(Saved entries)
● ● ● ● ●
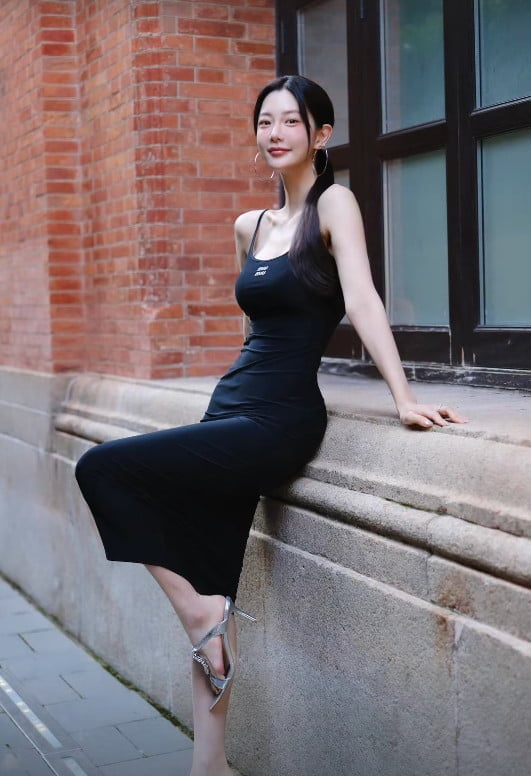사진=클라라 SNS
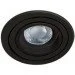  Azzardo CARO R SN-6810R-BK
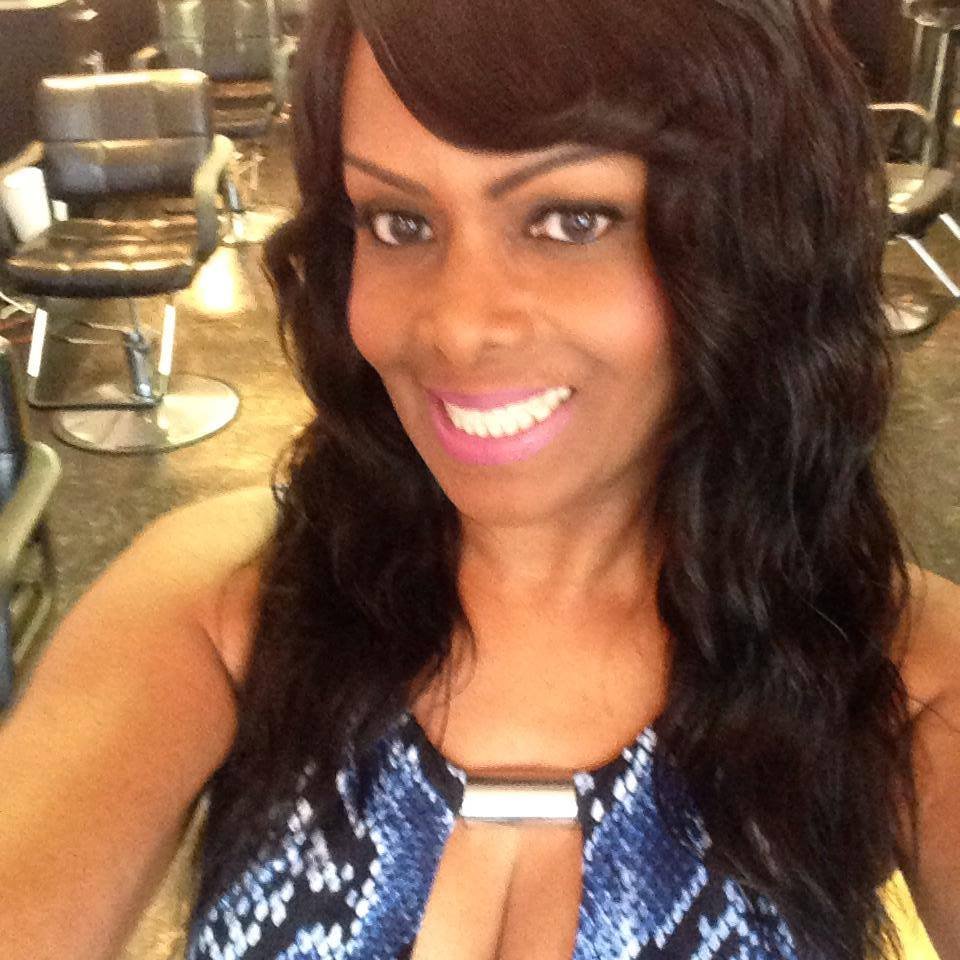 Fabulous Hair and Weave Salon 88 Photos & 19 Reviews Hair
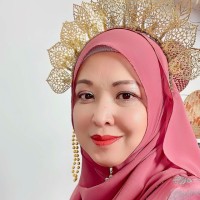 Annie Othman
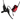 R19 braking system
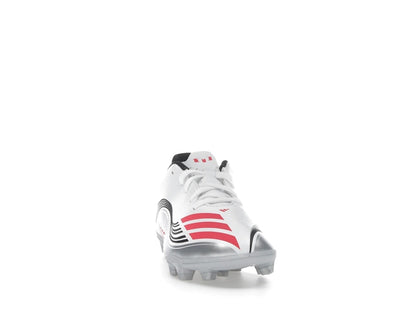 adidas F50 Club FG/MG Messi Prestig10 Pack (Kids)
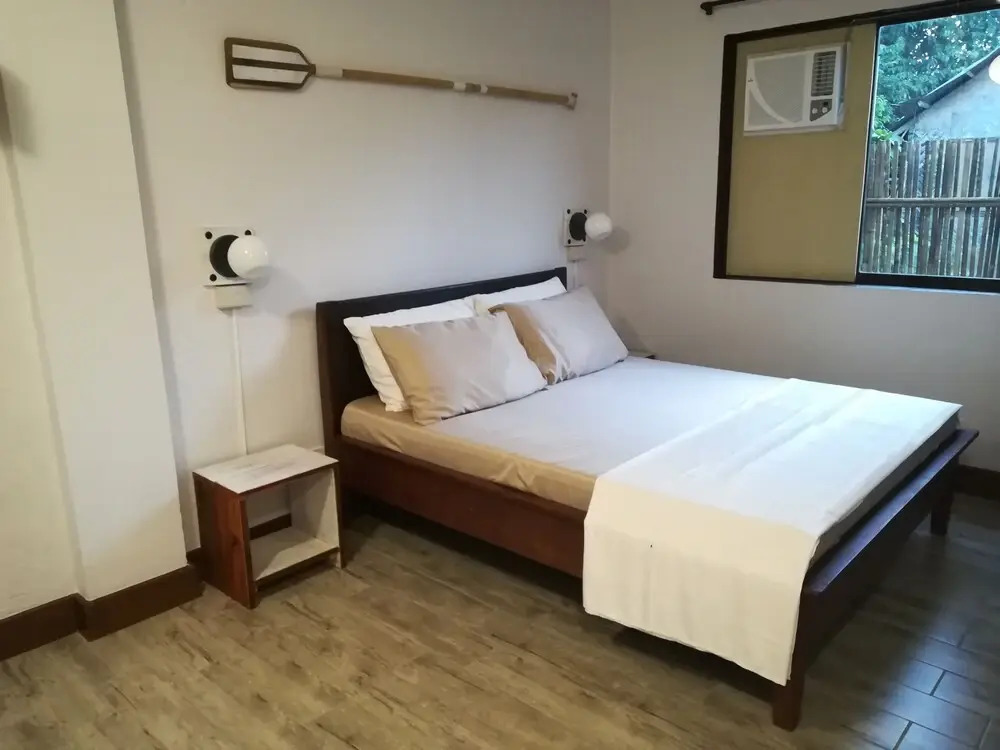 La Españolita Resto & Rooms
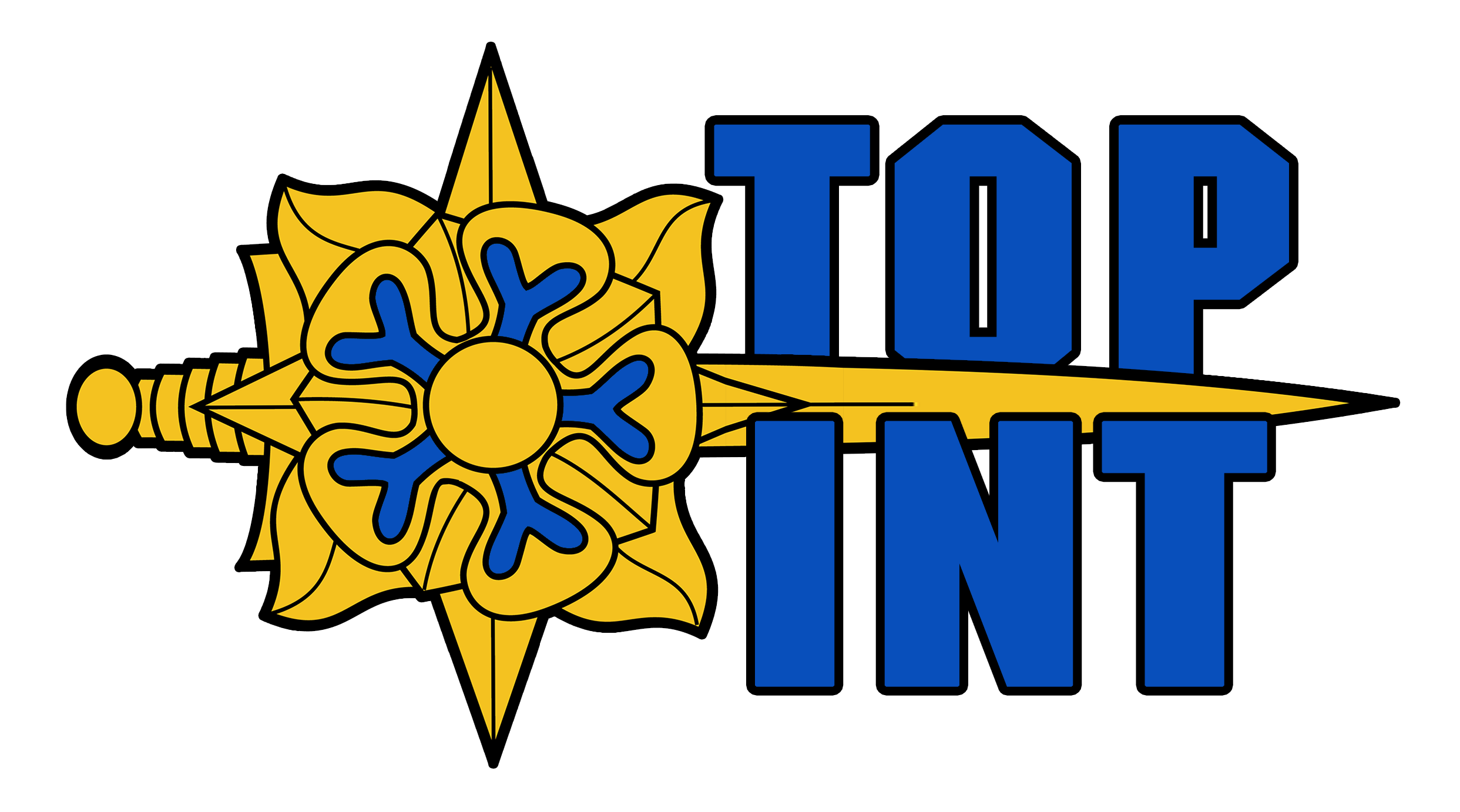 TOP INT 2027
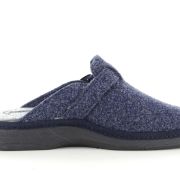 EMANUELA 1133 CIABATTA UOMO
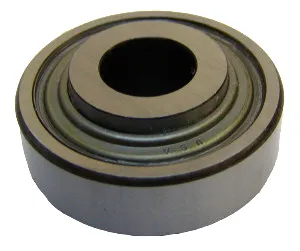 SKF Bearing 1789164 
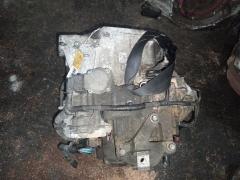 КПП автоматическая на Ford Focus 3 PNDA Фото 5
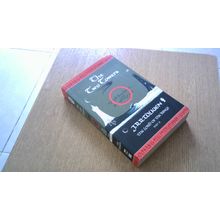 The Lord of the Rings Part II: The Two Towers. J.R.R. Tolkien (Paperback) 1991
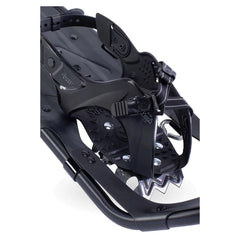 Tubbs Frontier Black Snowshoe
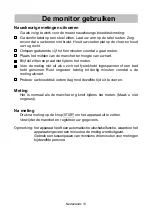 Предварительный просмотр 125 страницы AND UA-767S Instruction Manual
● ● ● ● ●
*TASK GOAL*:
The output must match the records word for word, except that no pictures appear.

*SOLUTION TO THIS TASK*:
사진=클라라 SNS
  Azzardo CARO R SN-6810R-BK
 Fabulous Hair and Weave Salon 88 Photos & 19 Reviews Hair
 Annie Othman
 R19 braking system
 adidas F50 Club FG/MG Messi Prestig10 Pack (Kids)
 La Españolita Resto & Rooms
 TOP INT 2027
 EMANUELA 1133 CIABATTA UOMO
 SKF Bearing 1789164 
 КПП автоматическая на Ford Focus 3 PNDA Фото 5
 The Lord of the Rings Part II: The Two Towers. J.R.R. Tolkien (Paperback) 1991
 Tubbs Frontier Black Snowshoe
 Предварительный просмотр 125 страницы AND UA-767S Instruction Manual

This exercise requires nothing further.